If you would have talked to me Wednesday, or even Thursday before 7:15pm, I would have whined and been pissed about someone telling me I had gained a lot of weight. Someone who's opinion of me happens to mean a lot to me. Enough that while I was working on Thursday I had my iPod going with my headphones and tearing up a bit thinking about the words I read in the text. And then, my life had a big bumple...

I saw a woman walk into the store. Now this part is hard for me, which I almost find funny. I mean the night this happened I had to tell it a bajillion times to the poilce, detectives, forensic people...The owner if the store, my family...I mean I said it over and over again. And now it seems so hard. It's on replay in my head...I see it over and over again...but...anyway...the story. The woman came in to the store and asked about the phones the store sells. I tell her about it and when I finished and asked if she had any questions she pulls out this revolver(the only reason I know this is b/c that's what the police told me what it was) and says to me, "Look, I'm in a predicament. I have this gun and bleach and I need you to walk with me over here and get this money" My body honest to God went HOT. I mean it was like if you touched me I would have given 3rd degree burns. I went over to the register opened it and stepped back letting her take what she wanted. I let her touch everything. She asked for my keys and my purse. She was a little disappointed I only had 4 dollars, but she took the keys made me walk with her to the front where she proceeded to leave and lock me in the store. Now, I have to say I am proud looking back that I was a collected as I was with her. I mean, I stared at her face memorizing what I could, but I think that had a lot to do with not wanting to look at the gun. She watched me at the front as she walked away and as soon as I was out of her line of sight I ran to the my cell phone and the store's phone. I set off the silent alarm and VERY shakily called Tony, the store's owner. I left him a frantic message b/c at this point I was loosing it. I was frantic and scared and just couldn't hold it together. I called Kimberly, my brother's fiancee, she works at the store. I begged her to come up and let me out. I was still stuck in the store.

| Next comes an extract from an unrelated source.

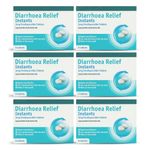 36 TABLETS GENERIC - Imodium Instants Relief From Diarrhoea In Less Than 1 Hour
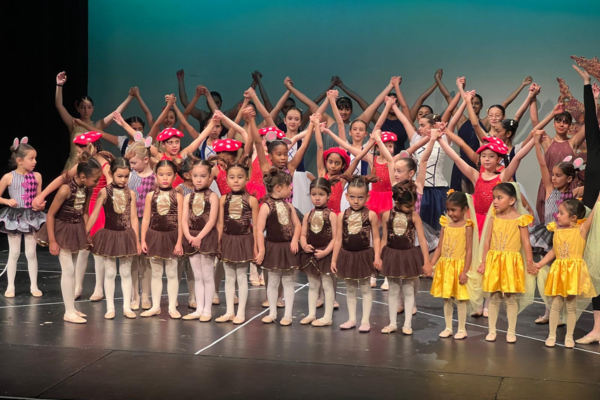 Les pas de ballets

I called everyone. Mom, Dad, the police...and I was waiting for SOMEONE. Kimberly got to me first. I was just in and out of reality. I would be calm for two seconds and the I would cry. About 10 minutes later, a cop finally showed up. Where I proceeded to tell her the story. Soon more and more cops came and I told the story again and again. Then the owner and his wife came up. Then one detective...the my parents. They weren't allowed in the store yet. Trying to keep everything closed off until the forensics guy came and took prints. Then I met the forensics guy. And he was pretty awesome. The first guy who stopped for a second and hugging me and said, "First thing, is it's a good thing you're ok." Before asking questions or anything, he just aknowledged my feelings. Then I get to go to the backroom with Mr. Dragnet(that's not his real name, but he reminded me of the guy from the show) and he took my statement with a recorder and all. So, this is about the 100 millionth time I went over the story. Around this time, I felt dazed? I wonder if thats really how I felt. But I was just in a fog. I got to see my mom, who came in and just hugged me. Everyone was talking around me and I was sipping on water that someone had got me.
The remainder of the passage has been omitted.